The United States Strategic Bombing Survey concluded that,”… certainly prior to 31 December, 1945, and in all probability prior to 1 November, 1945, Japan would have surrendered even if the atomic bombs had not been dropped, even if Russia had not entered the war, and even if no invasion had been planned or contemplated.” One dissenter who had expressed this same view to the Secretary of War prior to the bombings was General Dwight Eisenhower. The Chairman of the Joint Chiefs of Staff Admiral William D. Leahy agreed: “The use of this barbarous weapon at Hiroshima and Nagasaki was of no material assistance in our war against Japan. The Japanese were already defeated and ready to surrender.”
Whatever dropping the bombs might possibly have contributed to ending the war, it is curious that the approach of threatening to drop them, the approach used during a half-century of Cold War to follow, was never tried. An explanation may perhaps be found in Truman’s comments suggesting the motive of revenge:
“Having found the bomb we have used it. We have used it against those who attacked us without warning at Pearl Harbor, against those who have starved and beaten and executed American prisoners of war, and against those who have abandoned all pretense of obeying international law of warfare.”
Truman could not, incidentally, have chosen Tokyo as a target — not because it was a city, but because we had already reduced it to rubble.
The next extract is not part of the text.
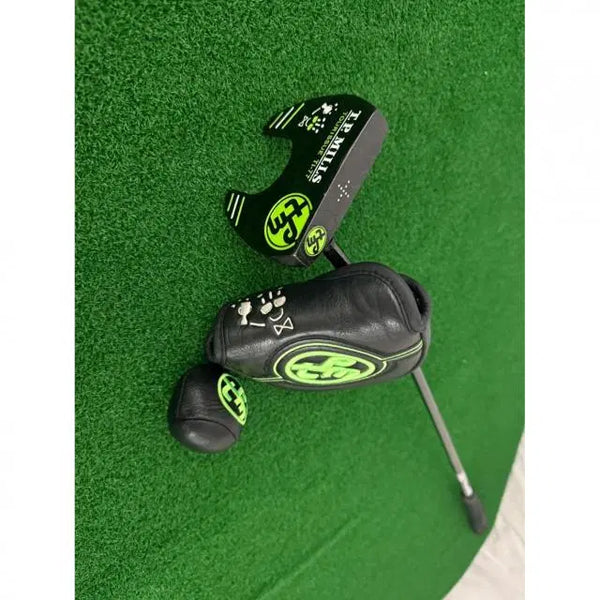[BUNJANG] T.P. Mills TOURISSUE TI-77 Mallet Putter 34-inch / 티피밀스 T.P.MILLS TOURISSUE TI-77 34인치 말...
The nuclear catastrophes may have been, not the ending of a World War, but the theatrical opening of the Cold War, aimed at sending a message to the Soviets. Many low and high ranking officials in the US military, including commanders in chief, have been tempted to nuke more cities ever since, beginning with Truman threatening to nuke China in 1950. The myth developed, in fact, that Eisenhower’s enthusiasm for nuking China led to the rapid conclusion of the Korean War. Belief in that myth led President Richard Nixon, decades later, to imagine he could end the Vietnam War by pretending to be crazy enough to use nuclear bombs. Even more disturbingly, he actually was crazy enough. “The nuclear bomb, does that bother you? … I just want you to think big, Henry, for Christsakes,” Nixon said to Henry Kissinger in discussing options for Vietnam.
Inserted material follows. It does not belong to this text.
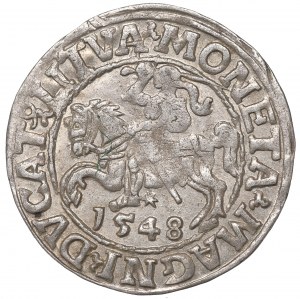 Sigismund II Augustus, Halfgroat 1548, Vilnius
President George W. Bush oversaw the development of smaller nuclear weapons that might be used more readily, as well as much larger non-nuclear bombs, blurring the line between the two. President Barack Obama established in 2010 that the United States might strike first with nuclear weapons, but only against Iran or North Korea. The United States alleged, without evidence, that Iran was not complying with the Nuclear Nonproliferation Treaty (NPT), even though the clearest violation of that treaty is the United States’ own failure to work on disarmament and the United States’ Mutual Defense Agreement with the United Kingdom, by which the two countries share nuclear weapons in violation of Article 1 of the NPT, and even though the United States’ first strike nuclear weapons policy violates yet another treaty: the UN Charter.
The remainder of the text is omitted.